Physical functioning also emerged as an important predictor of independent living. Specifically, poor physical endurance appears to be a direct barrier to independent living, and is influenced by somatization (i.e., shortness of breath, numbness, and weakness), diagnosis/treatment variables, use of neurologically-directed medication, growth-hormone deficiency, and current age. Poor physical functioning has an impact on employment opportunities and income, which may also indirectly impact the ability to live independently.17
The association between endurance and independent living can also be partially explained by the increased risk for neurologic impairment in the survivor cohort. Cranial radiation therapy is associated with quantitative changes in brain integrity,35
and changes in brain integrity are associated with increased symptoms of limited physical endurance.36–38
While survivors with better physical endurance were more likely to live independently, those who were independent were more likely to report lower vitality, which may reflect fatigue associated with the demands of caring for oneself.

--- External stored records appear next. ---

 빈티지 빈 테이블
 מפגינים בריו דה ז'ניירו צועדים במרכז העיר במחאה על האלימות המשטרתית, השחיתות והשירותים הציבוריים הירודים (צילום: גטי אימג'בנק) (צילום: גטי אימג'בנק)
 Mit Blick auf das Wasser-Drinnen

Our study is not without limitations. The current cohort was treated between 1970–1986, and given changes in treatment, our findings may have limited generalizability to future outcomes of modern treatment protocols. This may be particularly true for leukemia survivors given that current treatment protocols do not typically involve cranial radiation therapy. Nonetheless, our results do reflect the range of difficulties experienced by the cohort of current adult survivors. As our sample includes only survivors who agreed to and were capable of participating in the CCSS, these findings may underestimate deficits by excluding survivors who are having greater neurocognitive or emotional difficulty. While survivors from racial/ethnic minorities were less likely to live independently than Whites/Caucasians, this may reflect the role of cultural factors in the acceptability of multi-generational households as observed in the US Census data. The CCSS is under-represented in terms of racial minority survivors, limiting the conclusions that can be drawn regarding the impact of specific racial/ethnic identity on independent living. This should be examined in more diverse populations, as understanding the influence of race and ethnicity may provide insights into how to reduce social barriers to independence.

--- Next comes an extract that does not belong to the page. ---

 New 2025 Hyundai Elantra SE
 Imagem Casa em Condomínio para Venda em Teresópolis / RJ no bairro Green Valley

The results of the current study permit the development of a profile of survivors who are at risk for protracted dependent living. Neurocognitive late effects, psychological difficulties, medical late effects (i.e. growth hormone deficiency), and physical functioning play important roles in the independence of survivors during adulthood. Individuals who are less than 6 years of age at time of diagnosis, and who receive cranial radiation are at increased risk for dependent living. Furthermore, those who over of the course of early survivorship develop decreased physical endurance, reduced vitality, depression, and neurocognitive deficits warranting medication management are at greatest risk. From this framework, the development of interventions directed towards supporting the psychosocial, neurocognitive, and physical functioning of survivors may promote transition into independence. Monitoring and intervention for depression, evaluating the efficacy of novel approaches for addressing neurocognitive deficits (e.g., cognitive remediation), and promoting physical endurance through exercise/physical therapy programs will be important areas of study in childhood cancer survivors with potential benefit for independent living in adulthood.